The cover letter at least attempts to describe this.  I figured I'd have to 
pick one option for a v2, so I went with the more complicated one under the 
assumption it would be easy to re-spin a v3 that drops the extra arguments.  
I'm happy to do so.

>
> Ciao,
> Johannes
>
>>  Documentation/fetch-options.txt |  4 ++++
>>  builtin/fetch.c                 | 21 ++++++++++++++++++---
>>  2 files changed, 22 insertions(+), 3 deletions(-)
>>
>> diff --git a/Documentation/fetch-options.txt b/Documentation/fetch-options.txt
>> index 5836024f1934..0915fd4ed6d5 100644
>> --- a/Documentation/fetch-options.txt
>> +++ b/Documentation/fetch-options.txt
>> @@ -160,6 +160,10 @@ ifndef::git-pull[]
>>
>>  -j::
>>  --jobs=<n>::
>> +	Number of parallel children to be used for all forms of fetching.
>> +	This is the same as passing `--submodule-fetch-jobs=<n>` and
>> +	`--fetch-jobs=<n>`.
>> +
>>  --submodule-fetch-jobs=<n>::
>>  	Number of parallel children to be used for fetching submodules.
>>  	Each will fetch from different submodules, such that fetching many
>> diff --git a/builtin/fetch.c b/builtin/fetch.c
>> index 67d001f3f78b..41498e9efb3b 100644
>> --- a/builtin/fetch.c
>> +++ b/builtin/fetch.c
>> @@ -114,6 +114,20 @@ static int git_fetch_config(const char *k, const char *v, void *cb)
>>  	return git_default_config(k, v, cb);
>>  }
>>
>> +static int parse_jobs_arg(const struct option *opt, const char *arg, int unset)
>> +{
>> +	int jobs;
>> +
>> +	jobs = atoi(arg);
>> +	if (jobs < 1)
>> +		die(_("There must be a positive number of jobs"));
>> +
>> +	max_children_for_submodules = jobs;
>> +	max_children_for_fetch = jobs;
>> +
>> +	return 0;
>> +}
>> +
>>  static int parse_refmap_arg(const struct option *opt, const char *arg, int unset)
>>  {
>>  	BUG_ON_OPT_NEG(unset);
>> @@ -142,12 +156,13 @@ static struct option builtin_fetch_options[] = {
>>  		    N_("fetch all tags and associated objects"), TAGS_SET),
>>  	OPT_SET_INT('n', NULL, &tags,
>>  		    N_("do not fetch all tags (--no-tags)"), TAGS_UNSET),
>> -	OPT_INTEGER('j', "jobs", &max_children_for_submodules,
>> +	{ OPTION_CALLBACK, 'j', "jobs", NULL, N_("jobs"),
>> +		    N_("number of parallel tasks to run while fetching"),
>> +		    PARSE_OPT_OPTARG, &parse_jobs_arg },
>> +	OPT_INTEGER(0, "submodule-fetch-jobs", &max_children_for_submodules,
>>  		    N_("number of submodules fetched in parallel")),
>>  	OPT_INTEGER(0, "fetch-jobs", &max_children_for_fetch,
>>  		    N_("number of remotes fetched in parallel")),
>> -	OPT_INTEGER(0, "submodule-fetch-jobs", &max_children_for_submodules,
>> -		    N_("number of submodules fetched in parallel")),
>>  	OPT_BOOL('p', "prune", &prune,
>>  		 N_("prune remote-tracking branches no longer on remote")),
>>  	OPT_BOOL('P', "prune-tags", &prune_tags,
>> --
>> 2.21.0
>>
>>
Palmer Dabbelt Aug. 13, 2019, 10:06 p.m.
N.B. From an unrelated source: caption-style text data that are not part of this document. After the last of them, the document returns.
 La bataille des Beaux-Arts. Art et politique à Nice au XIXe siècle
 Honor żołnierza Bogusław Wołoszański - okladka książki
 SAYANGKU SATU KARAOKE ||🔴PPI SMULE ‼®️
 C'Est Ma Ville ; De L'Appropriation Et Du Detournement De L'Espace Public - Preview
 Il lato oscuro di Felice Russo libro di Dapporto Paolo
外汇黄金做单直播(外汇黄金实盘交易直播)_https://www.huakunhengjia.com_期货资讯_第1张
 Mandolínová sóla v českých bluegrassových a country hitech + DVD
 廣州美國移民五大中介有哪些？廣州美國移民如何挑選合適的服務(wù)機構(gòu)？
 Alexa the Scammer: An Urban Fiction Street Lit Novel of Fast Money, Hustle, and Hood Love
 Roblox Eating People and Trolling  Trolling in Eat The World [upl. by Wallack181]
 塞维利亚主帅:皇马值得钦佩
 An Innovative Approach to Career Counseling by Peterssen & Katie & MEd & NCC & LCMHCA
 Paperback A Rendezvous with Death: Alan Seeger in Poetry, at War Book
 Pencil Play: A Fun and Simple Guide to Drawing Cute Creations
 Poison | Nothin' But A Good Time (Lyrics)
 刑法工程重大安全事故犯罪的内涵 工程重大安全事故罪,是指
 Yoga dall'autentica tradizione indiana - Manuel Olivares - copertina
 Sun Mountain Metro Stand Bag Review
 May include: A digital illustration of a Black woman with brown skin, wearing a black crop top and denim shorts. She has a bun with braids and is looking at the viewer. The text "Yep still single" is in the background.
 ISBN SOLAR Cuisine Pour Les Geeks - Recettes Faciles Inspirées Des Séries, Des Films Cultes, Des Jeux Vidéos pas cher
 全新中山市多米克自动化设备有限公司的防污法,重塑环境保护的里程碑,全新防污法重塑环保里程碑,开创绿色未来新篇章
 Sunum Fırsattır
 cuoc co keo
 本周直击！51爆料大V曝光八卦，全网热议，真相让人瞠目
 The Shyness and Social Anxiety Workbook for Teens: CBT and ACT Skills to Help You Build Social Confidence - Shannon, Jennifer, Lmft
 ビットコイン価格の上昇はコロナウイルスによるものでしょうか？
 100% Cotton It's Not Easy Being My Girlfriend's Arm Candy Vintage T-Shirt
UTC | #4
On Tue, 13 Aug 2019 15:00:13 PDT (-0700), gitster@pobox.com wrote:
> Palmer Dabbelt <palmer@sifive.com> writes:
>
>> The existing --jobs argument was defined to control the number of jobs
>> used for submodule fetching, but it makes more sense to have this
>> argument control the number of jobs to be used when fetching from
>> multiple remotes as well.
>>
>> This patch simply changes the --jobs argument parsing code to set both
>> max_children_for_{submodules,fetch}, as well as noting this new behavior
>> in the documentation.
>
> That's a sensible, if overly careful, transition plan.  This patch
> cannot be queued together with the other four, though, for the plan
> to be practical.  It probably needs to come a few releases after the
> other four hits a release.
>
> A less involved and much more careless transition plan may be to
> just declare that "--jobs that only controls submodule fetches is a
> bug and it must also affect how fetches from multiple remote
> repositories are done" and come directly to this step, without
> necessarily introducing options that control them independently.
>
> I have a suspicion that we can afford to go the careless route for
> this particular one, if we wanted to, as not may people would care
> about controlling these independently.

This was brought up as part of the v1, and the cover letter lays out a plan to 
do so.  I'm happy to re-spin the patch set to just have --jobs control 
everything.
SZEDER Gábor Aug. 14, 2019, 8:32 a.m. UTC | #5
On Mon, Aug 12, 2019 at 02:34:48PM -0700, Palmer Dabbelt wrote:
> diff --git a/builtin/fetch.c b/builtin/fetch.c
> index 67d001f3f78b..41498e9efb3b 100644
> --- a/builtin/fetch.c
> +++ b/builtin/fetch.c
> @@ -114,6 +114,20 @@ static int git_fetch_config(const char *k, const char *v, void *cb)
>  	return git_default_config(k, v, cb);
>  }
>  
> +static int parse_jobs_arg(const struct option *opt, const char *arg, int unset)
> +{
> +	int jobs;
> +
> +	jobs = atoi(arg);
> +	if (jobs < 1)
> +		die(_("There must be a positive number of jobs"));
> +
> +	max_children_for_submodules = jobs;
> +	max_children_for_fetch = jobs;
> +
> +	return 0;
> +}
> +
>  static int parse_refmap_arg(const struct option *opt, const char *arg, int unset)
>  {
>  	BUG_ON_OPT_NEG(unset);
> @@ -142,12 +156,13 @@ static struct option builtin_fetch_options[] = {
>  		    N_("fetch all tags and associated objects"), TAGS_SET),
>  	OPT_SET_INT('n', NULL, &tags,
>  		    N_("do not fetch all tags (--no-tags)"), TAGS_UNSET),
> -	OPT_INTEGER('j', "jobs", &max_children_for_submodules,
> +	{ OPTION_CALLBACK, 'j', "jobs", NULL, N_("jobs"),
> +		    N_("number of parallel tasks to run while fetching"),
> +		    PARSE_OPT_OPTARG, &parse_jobs_arg },

These changes result segmentation faults in the tests '--quiet
propagates to parallel submodules' and 'fetching submodules respects
parallel settings' in 't5526-fetch-submodules.sh'.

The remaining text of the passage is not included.